More than that, variety shows gave viewers a glimpse of famous actors and familiar faces speaking not in roles but as themselves, and gave stars a chance to break free from their personas—or a chance for stars constrained by long-running characters and shows to play on that familiarity with a knowing wink. Seeing Lee Majors softshoe his way through “Puttin’ on the Ritz” or a masked Leonard Nimoy ride in on a hobby horse as The Lone Plumber humanized the actors and leavened the sometimes stiff impressions endowed by their iconic roles.
In today’s media-saturated landscape, TV and movie stars don’t have the same mystique they once did, and watching them perform goofy skits or silly songs doesn’t offer the frisson of mild mischief that became the old-fashioned variety show’s most potent ammunition.
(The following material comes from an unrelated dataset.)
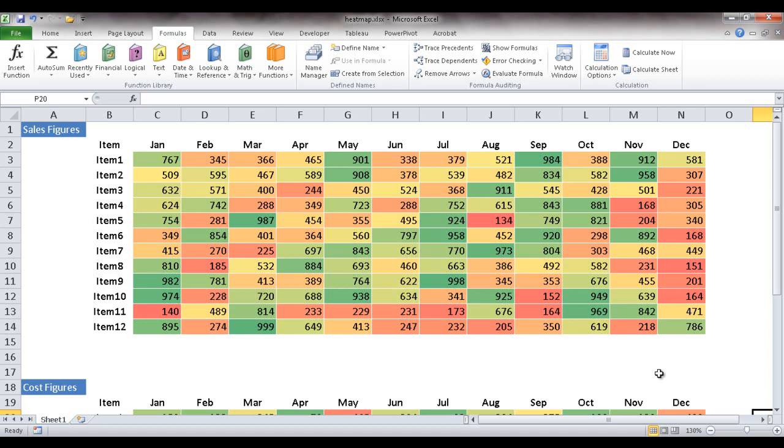Hi, in this session I'll show you how to create a heat map table. A heat map table in this instance uses conditional formatting. In the range of colors here, the red would indicate the lower end of the spectrum and green would indicate the higher end of the spectrum.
That’s doubly true when the show in question relies not on a stable of charismatic or distant actors, but on a clutch of Maya Rudolph’s SNL alumni (and, oh yeah, Sean Hayes). The Captain & Tennille or Donny & Marie could squeeze some rascally fun out of the sheer silliness of an Andy Griffith or a Farrah Fawcett vamping their way through indifferent skits, but when the troupe includes seasoned comedians and sketch players, the bar is set higher.
That’s not to say that there’s no hope for the variety show in general, or for The Maya Rudolph Show specifically. At its heart, the variety show is just a vaudeville stage show or a music hall revue packaged up in an hour-long program and broadcast into your home. Like any good revue, it should be shaped by the tastes and tempos of its era, and more importantly, it should be built around the talents of its star.
The Maya Rudolph Show veers between a glittery, lavish explosion of song and frothy dresses, a genre-wise parody of The Lawrence Welk Show, and a collection of unpolished SNL sketches. If NBC decides to extend this one-off production into a summer replacement series, the writers will need to decide what the show is and embrace that as lustily as Maya Rudolph embraces her many characters (and many, many dresses).
To be more than a lavish curiosity, an artifact of a bygone era reconstructed for our tolerant amusement, The Maya Rudolph Show needs to assess its strengths. And its greatest strength is right there in the title: Maya Rudolph.
- Maya’s dance with The Laker Girls harkens back not only to the traditional variety-show reliance on dancing girls, but perhaps specifically Donny & Marie’s opening scene featuring ice skaters.
- “I wanna jam out with my clam out, is that a phrase?”
- Maya’s dresses are worthy of Eydie Gormé and the Mandrell Sisters.
- “Voluminous whhhhigs.”
- During Janelle Monáe’s performance, the camera largely frames her from the waist up, ignoring her nimble feet as she slides and skates across the stage, reducing and confining her characteristic fluid and energetic stage show, though she beams out joy and verve as always.
- It has to feel good to be name-checked by Janelle Monáe as “the #1 Electric Lady, Maya Rudolph!” and even better when it’s followed up with the lyric “Tonight we’re going to do what we want to do.”